- Citizenship: Indian
- Education: Dibrugarh University (M.Sc in Statistics; Ph.D. in Econometrics)
- Occupations: Academic, Professor
- Employer: Dibrugarh University
- Title: Vice Chancellor of Dibrugarh University

= Jiten Hazarika =

Indian academic administrator

Jiten Hazarika is an Indian academic and the current Vice-Chancellor of Dibrugarh University. He is also the interim Vice Chancellor of Sri Sri Aniruddhadeva Sports University, Dibrugarh.

== Life and career ==

He pursued B.Sc. with a major in Statistics, M.Sc. in Statistics and Ph.D. in Econometrics from Dibrugarh University.

Jiten Hazarika is a Professor in Statistics (On lien), previously served as the Registrar, Dibrugarh University.

He took charge as the VC, Dibrugarh University, his alma mater in Aug 2022. He succeeded Prof. Lila Kanta Nath.

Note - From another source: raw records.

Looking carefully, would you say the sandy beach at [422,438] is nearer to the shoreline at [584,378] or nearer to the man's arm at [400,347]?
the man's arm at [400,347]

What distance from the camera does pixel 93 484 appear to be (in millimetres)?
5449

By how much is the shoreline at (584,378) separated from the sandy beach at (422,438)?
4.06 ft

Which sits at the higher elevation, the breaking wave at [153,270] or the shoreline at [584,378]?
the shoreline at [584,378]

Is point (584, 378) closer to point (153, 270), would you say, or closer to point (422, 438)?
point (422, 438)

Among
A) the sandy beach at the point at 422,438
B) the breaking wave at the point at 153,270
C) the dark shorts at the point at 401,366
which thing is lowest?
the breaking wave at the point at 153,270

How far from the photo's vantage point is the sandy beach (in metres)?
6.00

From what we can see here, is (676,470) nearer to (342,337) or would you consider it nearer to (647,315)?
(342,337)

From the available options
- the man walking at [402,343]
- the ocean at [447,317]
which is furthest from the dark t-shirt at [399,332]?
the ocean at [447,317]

His research areas included econometrics, applied statistics, time series analysis, biostatistics, and other interconnected areas.

== Awards ==

Some of the awards he received include the following:

- Academisthan's Teacher of the year Awards for 2021 conferred by Academisthan Foundation
- Indian Humanitarian Award (2021) for sustained humanitarian work during the COVID-19 pandemic, presented by the Indian Book of Records.
- Bharat Ratna Dr. Abdul Kalam Gold Medal Award by Global Economic Progress Research Association, New Delhi.